The data>
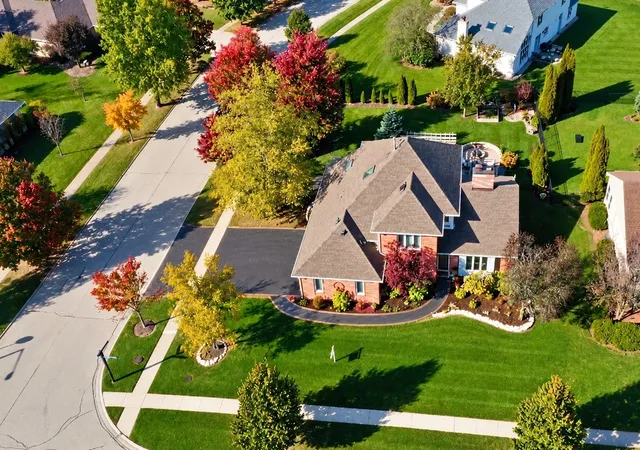 Single family home for sale at 8948 Charrington Dr, Frankfort, IL 60423 | MLS# 12784102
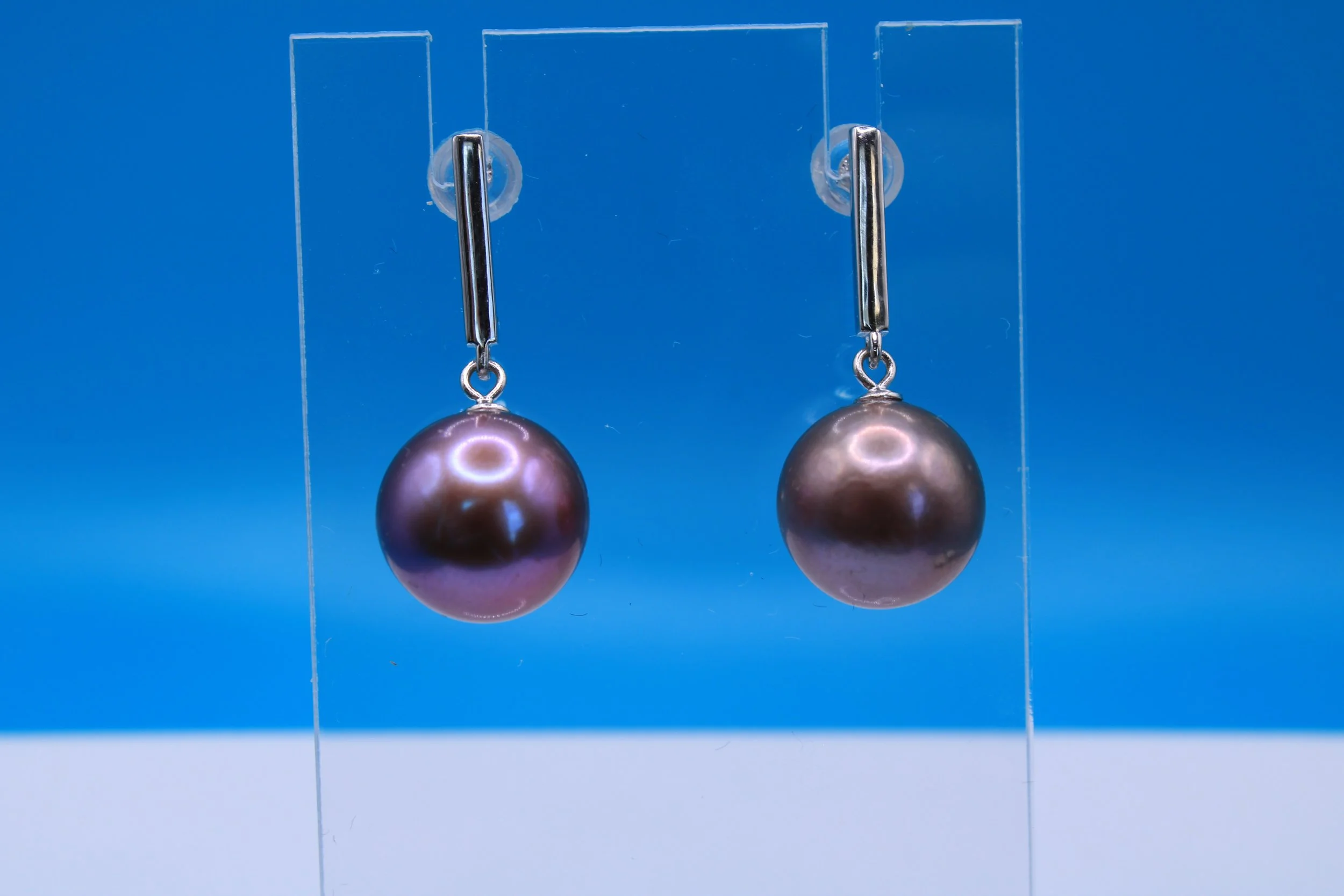 Sovereign Orchid Earrings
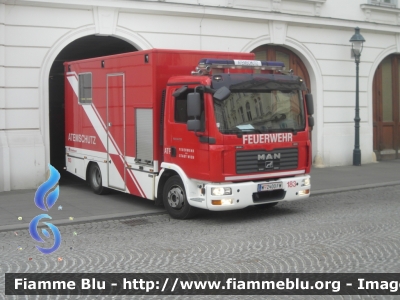 Man TGL 8.220 I serie
Österreich - Austria
Berufsfeuerwehr der Stadt Wien
Vigili del fuoco permanenti di Vienna
ATF -Carro Aria-
Allestimento Rosenbauer
W2400FW
Parole chiave: Man TGL_8.220_Iserie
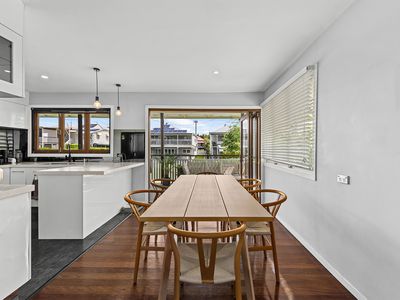 11 Almora Street, Wooloowin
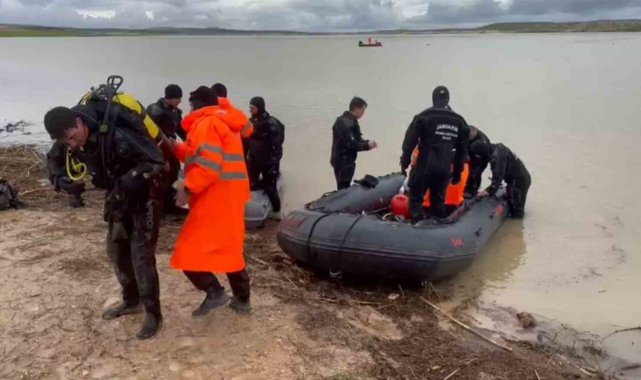 Şanlıurfa'da sele kapılan tır sürücüsü 7 gündür aranıyor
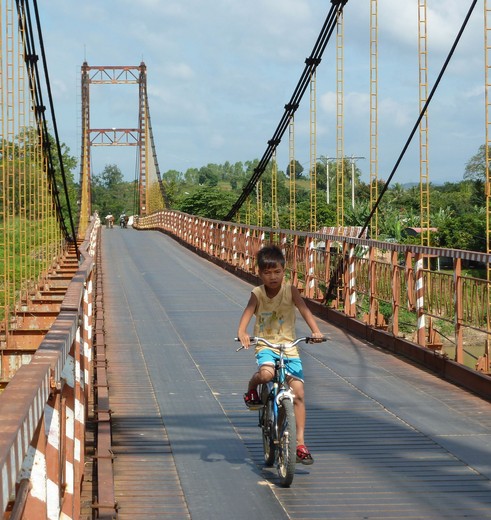 Vietnam-Kon-Tum-jongetje-fiets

Your assignment> Leaving out the pictures, repeat all the entries exactly as they stand.

Result for this exercise>
 Single family home for sale at 8948 Charrington Dr, Frankfort, IL 60423 | MLS# 12784102
 Sovereign Orchid Earrings
 Man TGL 8.220 I serie
Österreich - Austria
Berufsfeuerwehr der Stadt Wien
Vigili del fuoco permanenti di Vienna
ATF -Carro Aria-
Allestimento Rosenbauer
W2400FW
Parole chiave: Man TGL_8.220_Iserie
 11 Almora Street, Wooloowin
 Şanlıurfa'da sele kapılan tır sürücüsü 7 gündür aranıyor
 Vietnam-Kon-Tum-jongetje-fiets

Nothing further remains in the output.